Namun ketika orang Bima/Dompu berbicara dgn orang luar Bima/Dompu, misalnya bicara dgn orang Sumbawa yg beda bahasa, maka mereka menyebut Bima dengan Bima bukan Mbojo.
***Masih ada kontroversi mengenai istilah MBOJO. Orang Bima berpendapat DOMPU termasuk ke dlm MBOJO krn adanya kesamaan bahasa dan budaya. Menurut orang BIMA, Wilayah Dompu adlh termasuk Tanah Mbojo dan Orang Dompu adalah termasuk DOU MBOJO. Sedangkan orang asli suku DOMPU menolak utk digabungkan dgn MBOJO, baik secara suku maupun kewilayahan. Menurut Dou Dompu ini, Dompu secara historis, politis, dan sosiologis jauh lebih tua dari Mbojo apalagi Bima. (Catatan: Menurut peneliti barat bernama Rouffaer, Dompu lebih tua. Dompu kemudian dipecah olh Majapahit menjadi Dompu dan Bima. Pendapat ini didukung olh sejarawan UI Prof Agus. Majapahit lah yg memperkenalkan nama Bima.)
3.TERTULIS: Kesultanan Mbojo kerap kali terlibat perang membantu Kesultanan Demak Kesultanan Gowa bahkan Kesultanan Banten untuk melawan penjajahan Kerajaan Protestan Belanda. Kekalahan dan kemenangan silih berganti hingga puncaknya di masa Sultan Bima XIII Ibrahim (1881-1915), Bima mendapatkan kekalahan telak.

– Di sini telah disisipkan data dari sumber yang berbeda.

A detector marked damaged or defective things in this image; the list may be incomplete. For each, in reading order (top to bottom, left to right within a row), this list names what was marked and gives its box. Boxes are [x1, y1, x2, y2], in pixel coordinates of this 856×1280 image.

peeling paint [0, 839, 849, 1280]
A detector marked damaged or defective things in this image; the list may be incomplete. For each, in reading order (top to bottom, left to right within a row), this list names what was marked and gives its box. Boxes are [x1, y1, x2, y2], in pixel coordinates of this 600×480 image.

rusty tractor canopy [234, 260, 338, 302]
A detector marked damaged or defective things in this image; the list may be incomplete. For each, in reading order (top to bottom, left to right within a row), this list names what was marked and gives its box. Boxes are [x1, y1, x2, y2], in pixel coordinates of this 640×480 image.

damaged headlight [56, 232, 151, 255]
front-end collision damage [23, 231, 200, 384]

Koreksi: Koreksi thdp penggunaan istilah Kesultanan Mbojo. Sama dgn di atas.
4.TERTULIS: Begitu Belanda hengkang, Mbojo masuk ke pangkuan Republik Indonesia. Alih-alih syariat Islam ditegakkan kembali, pemerintahan yang baru yang dijabat oleh warga pribumi sendiri ini malah melanggengkan sekularisasi yang sudah dirintis Belanda. Kesultaan Mbojo dihapus pemerintah Republik Indonesia pada 2001, seiring dengan wafatnya Sultan Mbojo XV Sultan Abdul Kahir II (1951-2001).
KOREKSI:
***Pertama, kesultanan Bima berakhir tahun 1951 seiring wafatnya SULTAN SALAHUDDIN (Sultan ke14), lalu terbentuk Daerah Swapraja dengan Bupati pertama yakni putera Mahkota Kesultanan Bima. BUKAN BERAKHIR THN 2001.

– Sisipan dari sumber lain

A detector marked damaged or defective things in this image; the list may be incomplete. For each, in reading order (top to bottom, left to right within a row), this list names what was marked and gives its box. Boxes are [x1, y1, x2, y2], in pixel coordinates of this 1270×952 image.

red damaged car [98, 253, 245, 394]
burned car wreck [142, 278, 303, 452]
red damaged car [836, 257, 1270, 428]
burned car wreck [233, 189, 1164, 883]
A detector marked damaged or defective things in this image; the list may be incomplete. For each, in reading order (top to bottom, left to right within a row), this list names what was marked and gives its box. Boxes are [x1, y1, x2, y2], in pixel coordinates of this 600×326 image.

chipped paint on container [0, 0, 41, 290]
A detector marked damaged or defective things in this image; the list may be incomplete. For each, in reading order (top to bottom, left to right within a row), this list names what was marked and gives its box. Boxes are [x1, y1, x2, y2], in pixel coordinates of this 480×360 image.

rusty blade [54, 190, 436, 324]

***Kedua, Abdul Kahir II dinobatkan sbg putera Mahkota thn 1950, ketika5 ayahnya sudah tua dan sakit sakitan. Namun beliau TIDAK PERNAH SEKALIPUN DINOBATKAN MENJADI SULTAN SEMASA HIDUPNYA. Beliau diangkat menjadi sultan setelah wafat, yakni 60 thn setelah berakhirnya Kesultanan Bima, SEKEDAR UTK MENGHORMATI JASA2 BELIAU DAN MENGHORMATI KERAJAAN BIMA.
***Pribumi asli Bima, yakni Abdul Kahir II, hanya menjabat sampai thn 1967. Karena setelah itu ORDE BARU berkuasa dan para bupati adalah para Letnan TNI dari Suku Jawa hingga tahun 1979. Setelah munculnya Golkar, baru putera asli diizinkan berkuasa.